**SUPPLIED RECORDS:**
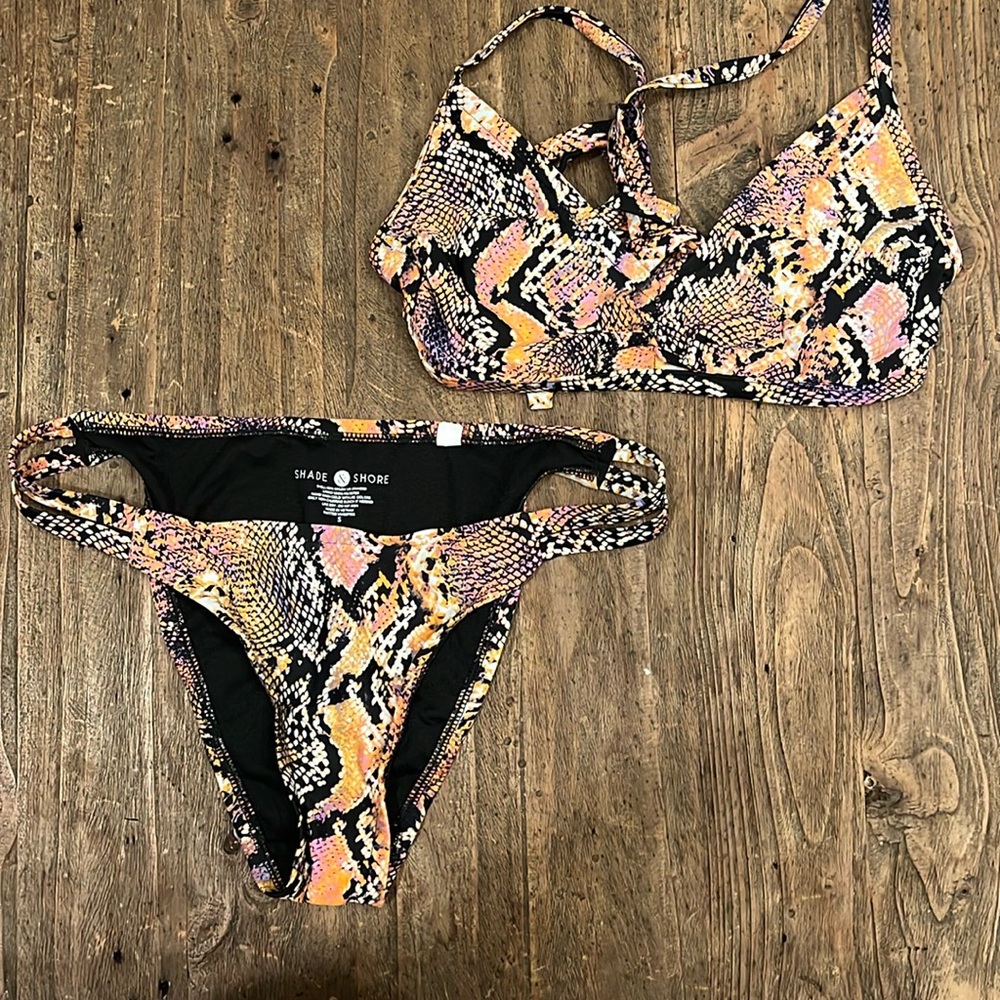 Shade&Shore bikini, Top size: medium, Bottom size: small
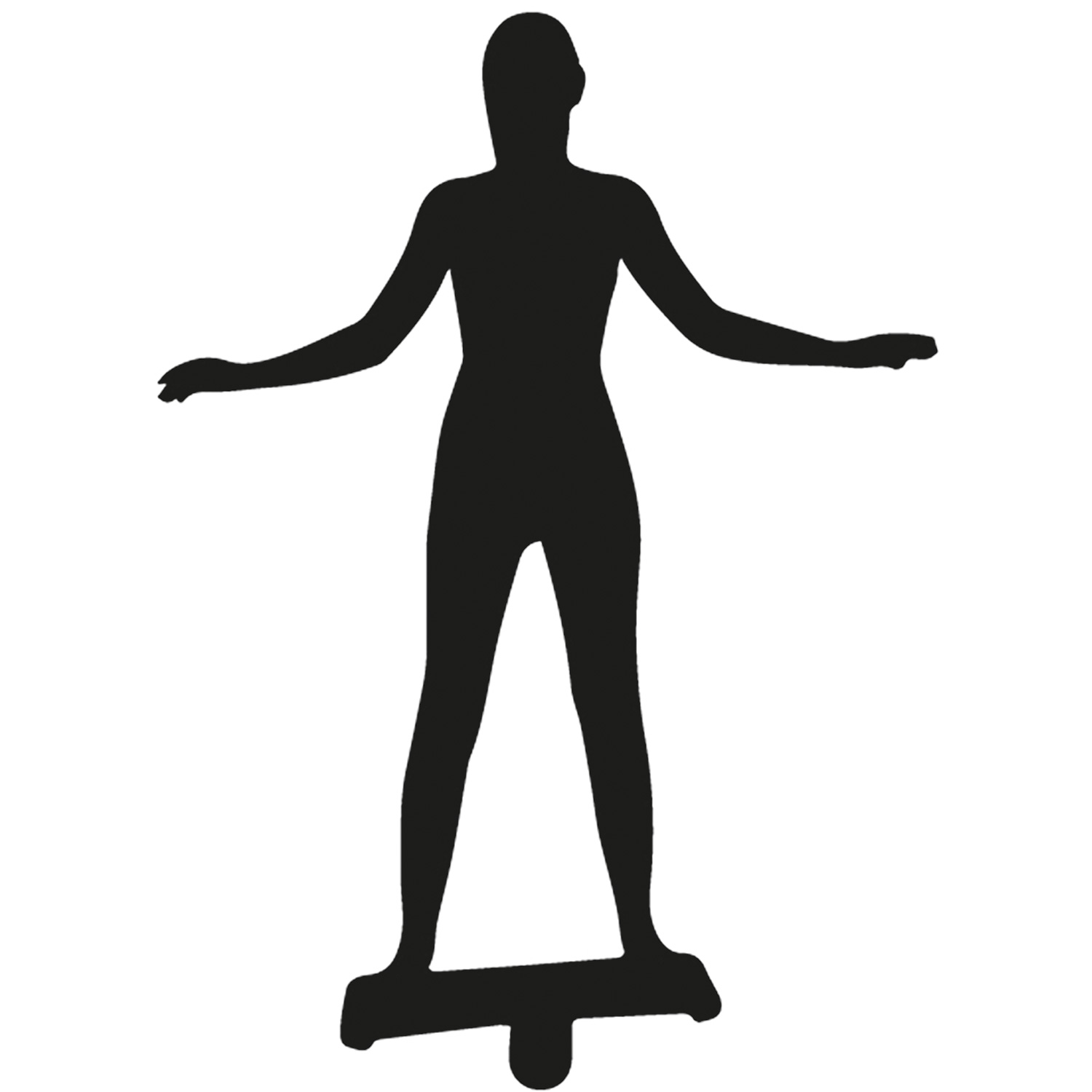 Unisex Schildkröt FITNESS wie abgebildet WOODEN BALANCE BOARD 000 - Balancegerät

==

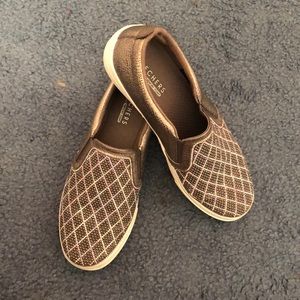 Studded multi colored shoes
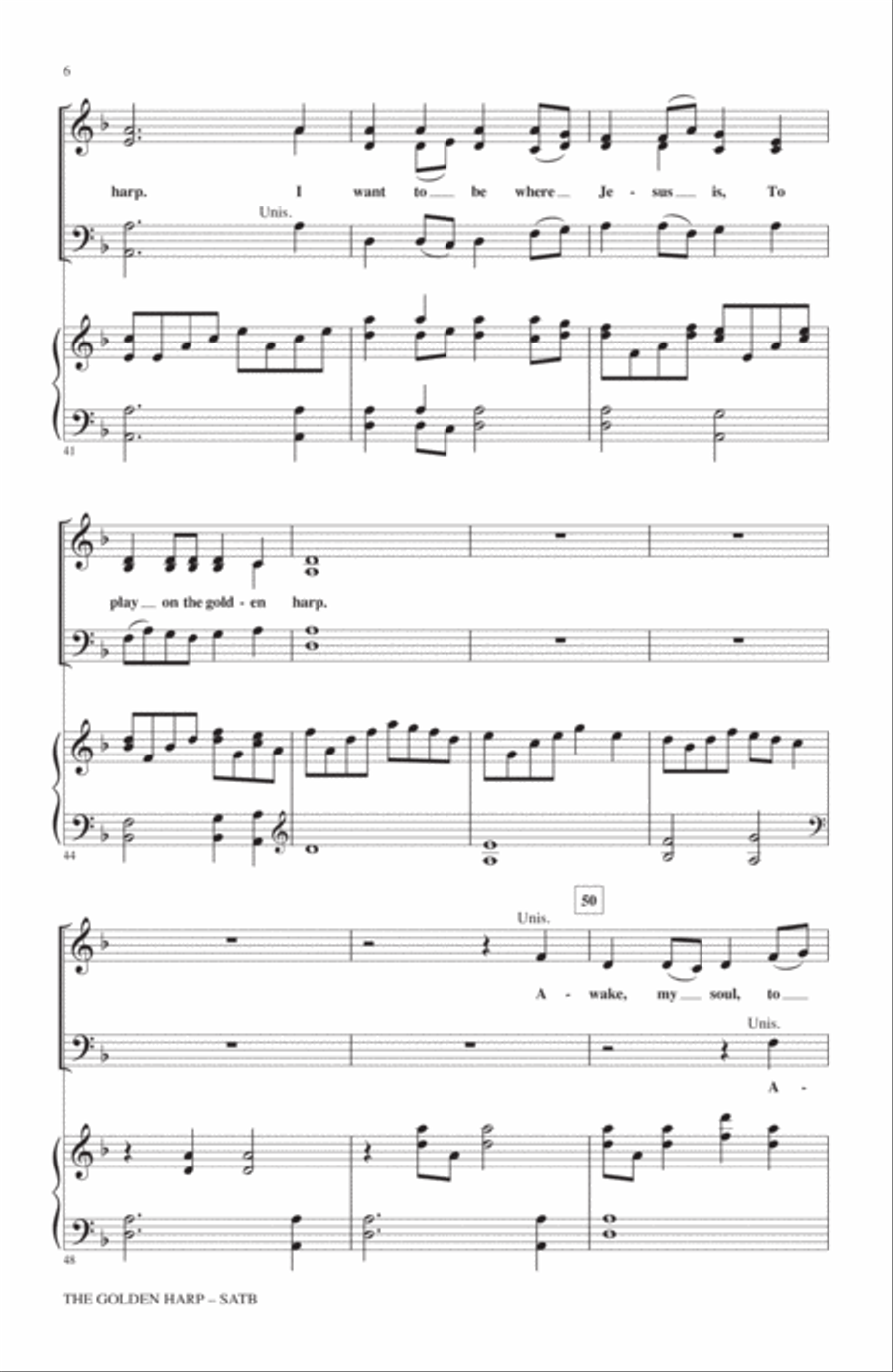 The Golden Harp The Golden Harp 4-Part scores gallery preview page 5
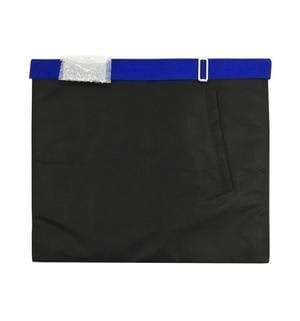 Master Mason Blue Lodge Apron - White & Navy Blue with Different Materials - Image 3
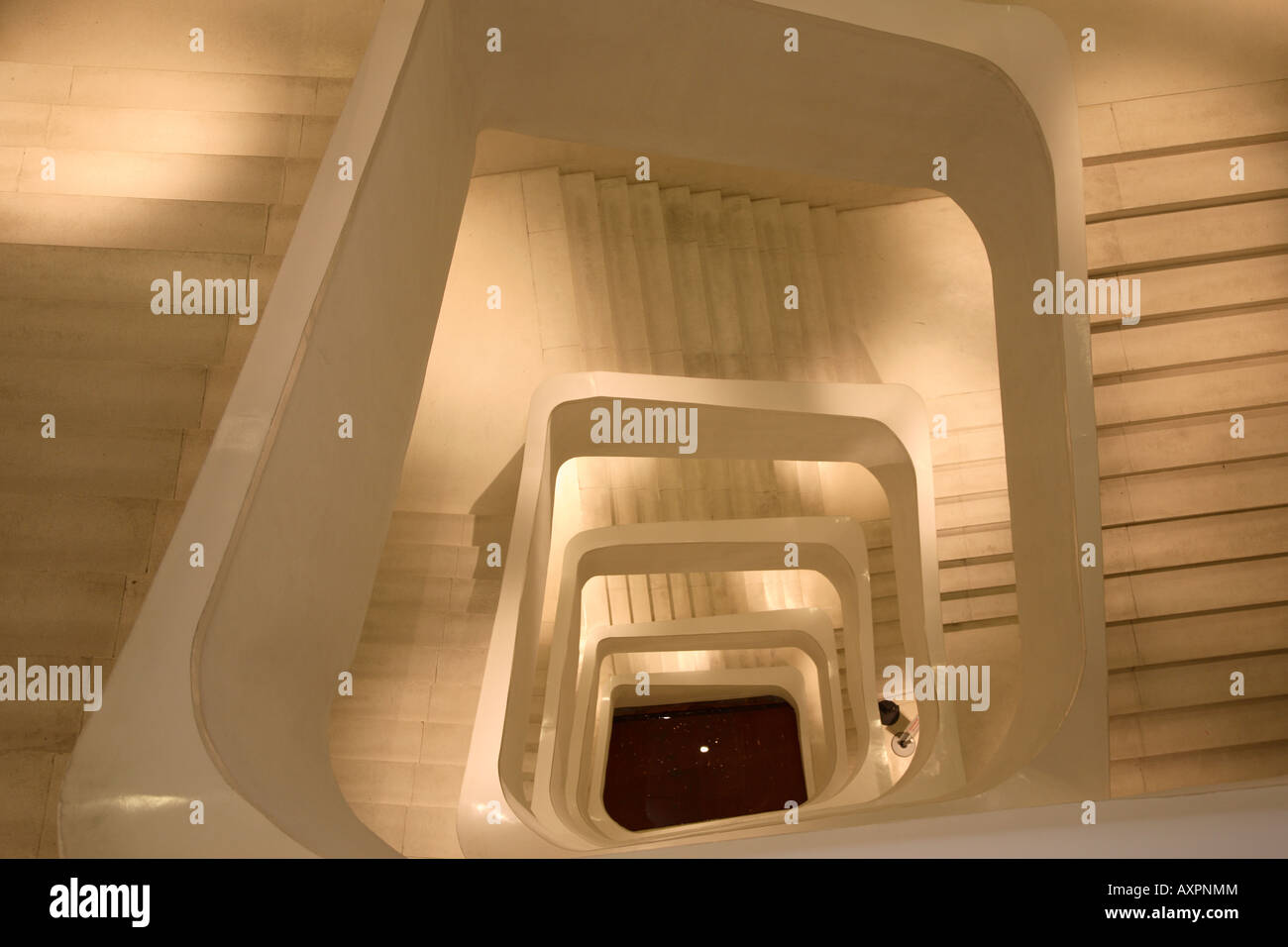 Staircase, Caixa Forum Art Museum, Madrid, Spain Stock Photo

**WHAT THE TASK REQUIRES:** Within the listing above, extract exactly the lines that run from the one containing "Shade&Shore bikini, Top" through the one containing "Unisex Schildkröt FITNESS", excluding any pictures.

**TASK ANSWER:**
 Shade&Shore bikini, Top size: medium, Bottom size: small
 Unisex Schildkröt FITNESS wie abgebildet WOODEN BALANCE BOARD 000 - Balancegerät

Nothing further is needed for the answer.